Des huées à Bayreuth : Katharina Wagner scandalise le public par ses iconoclastes "Maîtres chanteurs"

Des huées à Bayreuth : Katharina Wagner scandalise le public par ses iconoclastes "Maîtres chanteurs"

Visiblement, il n’y a pas que le Tour de France qui suscite de la polémique
actuellement. A Bayreuth, la tranquillité n’était pas aussi de mise. Et pour
cause, le public a dés les premiers jours refusé toute passivité en
réagissant vivement aux prestations des metteurs en scène. Mais on retiendra
certainement les intenses huées, relayées par la presse mondiale, dont a
fait l’objet Katharina Wagner.

En effet, le metteur en scène allemand Katharina Wagner a reçu un accueil
houleux mercredi soir à Bayreuth à l’issue de la première d’une nouvelle
production iconoclaste des "Maîtres chanteurs", essuyant de copieuses huées
à peine couvertes par les applaudissements.

L’arrière-petite-fille de Richard Wagner, âgée de 29 ans, fait ses débuts
de metteur en scène sur la Colline verte avec ce spectacle programmé en
ouverture du 96e festival consacré aux opéras du compositeur, qu’il
clôturera le 28 août. Il faut dire Katharina Wagner était d’autant plus
attendue qu’elle fait figure de favorite pour succéder à la tête du
festival à son père Wolfgang Wagner, 87 ans, qui règne depuis 1951 à
Bayreuth.

"Les Maîtres chanteurs de Nuremberg" (1868), seul drame comique du
compositeur, est une affaire de famille sur la Colline sacrée. Depuis 1956,
il n’a été monté que par des Wagner : avant Katharina, Wieland en a signé
deux mises en scène, Wolfgang trois. A distance du dépouillement atemporel
qui a fait la notoriété de son oncle et des mises en scène en costumes
d’époque de son père, la jeune femme a opté pour une esthétique résolument
contemporaine.

Le livret du compositeur situe l’action dans la Nuremberg (Allemagne) du
16e siècle, où un jeune homme (Walther) tente d’obtenir la main de celle
qu’il aime (Eva) en acceptant de participer à un concours de chant.
Katharina Wagner semble ne pas se soucier de cette trame amoureuse,
préférant voir dans cet opéra "une histoire qui parle d’art et du conflit
entre tradition et innovation", comme elle l’a précisé à la presse.
Walther est d’abord un peintre qui s’active avec assurance et
décontraction, baskets aux pieds, dans un décor d’académie des beaux-arts
avec bustes de grands hommes (Dürer, Kleist, Hölderlin...) sur les côtés.
Hans Sachs, qui le soutient, est un écrivain aux pieds nus et non un
cordonnier. A la fin du Ier acte, la transposition semble encore du goût
d’un large public, qui étouffe une protestation bien isolée.

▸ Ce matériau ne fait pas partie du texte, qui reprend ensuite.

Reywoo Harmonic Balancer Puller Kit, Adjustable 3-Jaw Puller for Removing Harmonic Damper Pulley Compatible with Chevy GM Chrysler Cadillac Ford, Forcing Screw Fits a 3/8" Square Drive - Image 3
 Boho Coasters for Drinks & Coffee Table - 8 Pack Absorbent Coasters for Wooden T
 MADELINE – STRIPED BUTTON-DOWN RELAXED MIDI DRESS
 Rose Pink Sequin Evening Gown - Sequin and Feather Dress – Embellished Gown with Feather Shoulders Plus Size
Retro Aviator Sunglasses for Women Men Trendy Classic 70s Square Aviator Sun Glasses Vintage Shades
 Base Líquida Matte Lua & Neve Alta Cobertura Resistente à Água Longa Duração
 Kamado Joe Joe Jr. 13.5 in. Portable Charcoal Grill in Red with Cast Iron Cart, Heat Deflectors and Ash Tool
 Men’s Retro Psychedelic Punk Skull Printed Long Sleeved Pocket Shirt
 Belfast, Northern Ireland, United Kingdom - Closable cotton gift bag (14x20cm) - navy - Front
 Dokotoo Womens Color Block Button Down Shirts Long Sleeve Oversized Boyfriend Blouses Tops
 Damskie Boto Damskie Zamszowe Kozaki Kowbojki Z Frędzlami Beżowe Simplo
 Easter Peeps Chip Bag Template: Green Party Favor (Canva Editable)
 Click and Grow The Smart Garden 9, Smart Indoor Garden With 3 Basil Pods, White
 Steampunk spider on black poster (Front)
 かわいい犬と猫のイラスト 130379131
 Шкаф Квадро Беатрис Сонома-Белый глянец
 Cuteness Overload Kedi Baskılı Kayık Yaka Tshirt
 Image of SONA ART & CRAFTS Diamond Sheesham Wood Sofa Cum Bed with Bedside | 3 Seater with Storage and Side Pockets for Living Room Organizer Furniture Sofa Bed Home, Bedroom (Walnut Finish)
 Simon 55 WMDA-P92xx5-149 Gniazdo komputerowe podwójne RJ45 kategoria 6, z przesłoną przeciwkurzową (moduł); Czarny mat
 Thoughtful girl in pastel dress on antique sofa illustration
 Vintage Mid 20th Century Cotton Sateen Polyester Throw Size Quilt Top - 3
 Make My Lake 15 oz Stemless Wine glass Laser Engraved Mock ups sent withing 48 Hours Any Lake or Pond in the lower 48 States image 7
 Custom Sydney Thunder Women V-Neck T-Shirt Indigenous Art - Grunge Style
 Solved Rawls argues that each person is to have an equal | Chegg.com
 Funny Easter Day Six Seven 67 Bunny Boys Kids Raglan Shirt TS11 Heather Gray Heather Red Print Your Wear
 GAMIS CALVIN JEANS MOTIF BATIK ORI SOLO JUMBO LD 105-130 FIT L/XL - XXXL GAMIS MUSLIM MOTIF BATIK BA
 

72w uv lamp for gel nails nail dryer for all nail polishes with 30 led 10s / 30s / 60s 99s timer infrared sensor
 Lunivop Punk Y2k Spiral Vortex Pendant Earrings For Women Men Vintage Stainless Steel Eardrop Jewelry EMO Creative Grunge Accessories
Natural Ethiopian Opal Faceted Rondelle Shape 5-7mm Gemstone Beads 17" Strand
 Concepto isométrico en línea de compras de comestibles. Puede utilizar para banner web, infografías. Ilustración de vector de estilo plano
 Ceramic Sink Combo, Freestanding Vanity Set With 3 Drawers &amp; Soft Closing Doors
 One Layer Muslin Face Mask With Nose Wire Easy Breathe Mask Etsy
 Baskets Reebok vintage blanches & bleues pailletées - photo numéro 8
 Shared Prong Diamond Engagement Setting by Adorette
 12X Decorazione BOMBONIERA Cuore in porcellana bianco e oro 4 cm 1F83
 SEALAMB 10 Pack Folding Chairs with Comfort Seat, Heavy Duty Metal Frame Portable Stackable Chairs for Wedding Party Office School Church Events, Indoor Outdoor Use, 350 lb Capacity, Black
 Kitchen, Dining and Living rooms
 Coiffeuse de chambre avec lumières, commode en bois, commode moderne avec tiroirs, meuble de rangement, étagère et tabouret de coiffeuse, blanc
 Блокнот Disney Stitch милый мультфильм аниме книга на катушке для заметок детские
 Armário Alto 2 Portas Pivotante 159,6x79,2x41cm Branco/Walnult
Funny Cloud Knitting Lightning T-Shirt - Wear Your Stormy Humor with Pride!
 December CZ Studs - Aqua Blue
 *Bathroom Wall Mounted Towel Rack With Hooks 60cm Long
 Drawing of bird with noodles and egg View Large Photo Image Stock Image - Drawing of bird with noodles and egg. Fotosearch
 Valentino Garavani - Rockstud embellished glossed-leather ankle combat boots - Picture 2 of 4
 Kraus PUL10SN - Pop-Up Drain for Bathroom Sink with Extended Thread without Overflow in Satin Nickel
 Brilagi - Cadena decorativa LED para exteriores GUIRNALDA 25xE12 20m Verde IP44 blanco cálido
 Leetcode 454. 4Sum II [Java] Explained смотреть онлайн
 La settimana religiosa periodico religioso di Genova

Mais, en toute vraisemblance, la grogne s’intensifie à l’issue du IIe acte,
après une pluie de gags (main du destin vacillante, baskets chutant des
cintres...) qui débouche sur un joyeux désordre, avec débauche de peinture
et de nudité. Les protestations seront nettement plus soutenues au tomber de
rideau.

Katharina Wagner a un compte à régler avec "Les Maîtres chanteurs"
en général et en particulier avec l’histoire de l’oeuvre à Bayreuth, où
elle fut la seule représentée en 1943 et 1944, quand le message final de
Sachs ("L’art préserve la nation à l’heure des périls") prêtait à
d’évidentes récupérations.
Pour mieux contester leur détournement par Hitler, le metteur en scène
bouscule les grandes figures de la culture allemande (Bach, Goethe, Schiller
ou encore... Wagner), affublée de grosses têtes et condamnés à toutes les
pitreries. Katharina Wagner compense par une direction d’acteurs vive et un
sens de l’humour communicatif, un propos touffu voire confus et qui prend
de grandes libertés avec le texte.

Ainsi, selon plusieurs observateurs, Il y a du courage, sinon de
l’inconscience, à s’attaquer de cette manière à des "Maîtres chanteurs"
toujours sensibles sur la Colline sacrée. Une grande partie du public y a
sans doute vu un crime de lèse-Wagner, et l’a bruyamment manifesté.

Mais
dieu merci, personne n’a soupçonné encore une quelconque tentative de
dopage.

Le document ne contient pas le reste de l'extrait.